Clean elections bill seeks to curb 'big money' contributions for candidates
Lawmakers will see a 'clean elections' proposal next week, at the start of the state legislative session.
Clean elections are often used to increase eligibility for public campaign financing. That's when private campaign donations can be matched with public taxpayer money for use by candidates who follow specific rules and guidelines.
The hope is that this would allow candidates to compete in elections without relying solely on private donations.
The bill, which will be introduced by state Sen.
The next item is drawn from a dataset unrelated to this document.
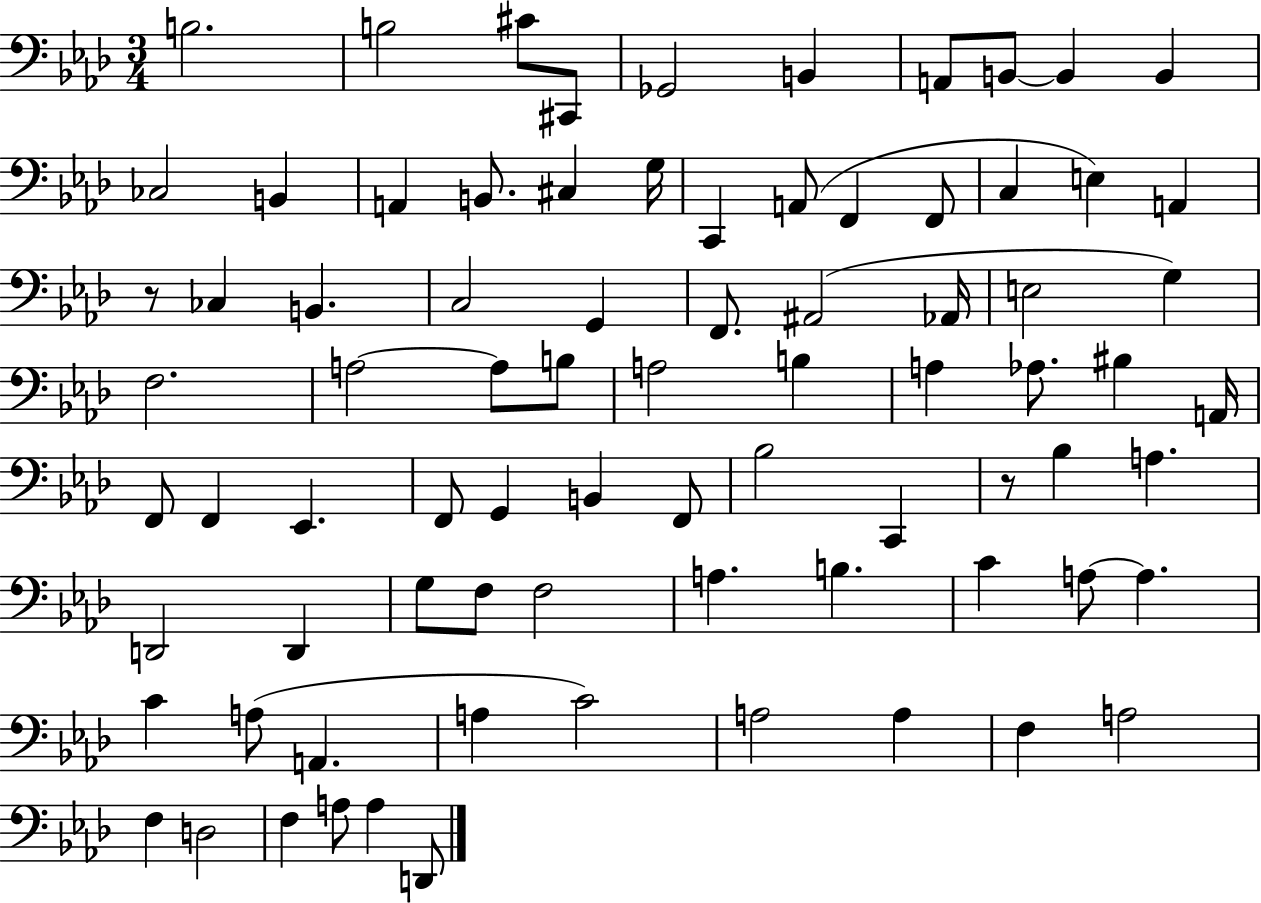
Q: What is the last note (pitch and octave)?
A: D2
Karl Rhoads, is a model that was used in county council races on Hawaiʻi Island in 2010 and 2012, as well as in Maine and Connecticut.
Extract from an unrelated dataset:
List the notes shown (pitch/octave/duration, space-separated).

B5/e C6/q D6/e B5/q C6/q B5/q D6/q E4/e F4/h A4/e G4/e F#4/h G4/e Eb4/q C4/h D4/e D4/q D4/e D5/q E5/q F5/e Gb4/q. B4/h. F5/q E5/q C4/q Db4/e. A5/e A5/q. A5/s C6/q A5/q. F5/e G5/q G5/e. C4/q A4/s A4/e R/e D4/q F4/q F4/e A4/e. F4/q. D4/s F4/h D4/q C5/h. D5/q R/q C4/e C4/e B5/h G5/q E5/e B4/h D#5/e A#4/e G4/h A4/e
Rhoads said Monday that the proposal will be much more comprehensive than the current partial public finance system.
"This is important to combat private, big money contributions that pour into campaigns," Rhoads said. "Publicly funded elections are in voters best interests."
"Political career should be completely dependent on voters, not special interest money," he said.
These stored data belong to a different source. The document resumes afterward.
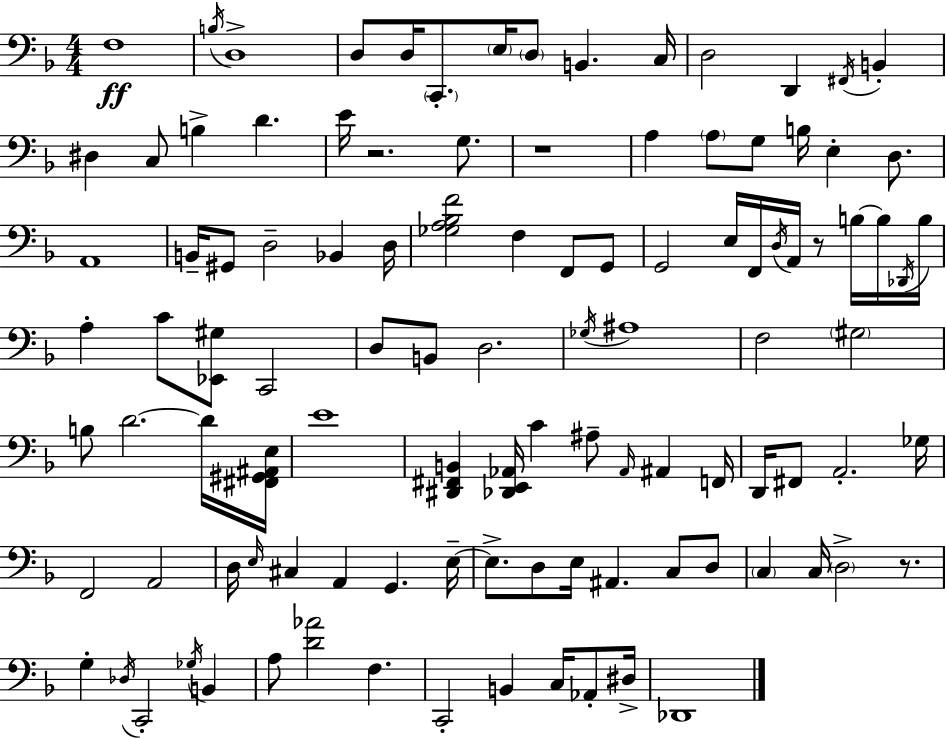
X:1
T:Untitled
M:4/4
L:1/4
K:F
F,4 B,/4 D,4 D,/2 D,/4 C,,/2 E,/4 D,/2 B,, C,/4 D,2 D,, ^F,,/4 B,, ^D, C,/2 B, D E/4 z2 G,/2 z4 A, A,/2 G,/2 B,/4 E, D,/2 A,,4 B,,/4 ^G,,/2 D,2 _B,, D,/4 [_G,A,_B,F]2 F, F,,/2 G,,/2 G,,2 E,/4 F,,/4 D,/4 A,,/4 z/2 B,/4 B,/4 _D,,/4 B,/4 A, C/2 [_E,,^G,]/2 C,,2 D,/2 B,,/2 D,2 _G,/4 ^A,4 F,2 ^G,2 B,/2 D2 D/4 [^F,,^G,,^A,,E,]/4 E4 [^D,,^F,,B,,] [_D,,E,,_A,,]/4 C ^A,/2 _A,,/4 ^A,, F,,/4 D,,/4 ^F,,/2 A,,2 _G,/4 F,,2 A,,2 D,/4 E,/4 ^C, A,, G,, E,/4 E,/2 D,/2 E,/4 ^A,, C,/2 D,/2 C, C,/4 D,2 z/2 G, _D,/4 C,,2 _G,/4 B,, A,/2 [D_A]2 F, C,,2 B,, C,/4 _A,,/2 ^D,/4 _D,,4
The Commission to Improve Standards of Conduct was formed last year following the corruption scandals of former state Sen. J. Kalani English and state Rep. T.J. Cullen. They have issued recommendations and draft legislation that are set to be introduced this session.
Rhoads said more needs to be done.
"None of [the bills and recommendations] really get to the heart of the matter, which is the large sums of special interest money that currently pour into campaigns," Rhoads said.
A statewide clean elections bill died in conference committee in 2013.
Under this proposed bill, which will likely see several amendments as it makes its way through this year's state legislative session, would require a race-specified number of qualifying donations to receive public funds.
For example, a candidate for the state House would need 100 $5 donations before being able to receive $50,000 in public funds. In a race for governor, a candidate would need 6,250 qualifying donations to unlock $2.5 million.
Advocates for the bill say the model would cost taxpayers less than $25 million annually.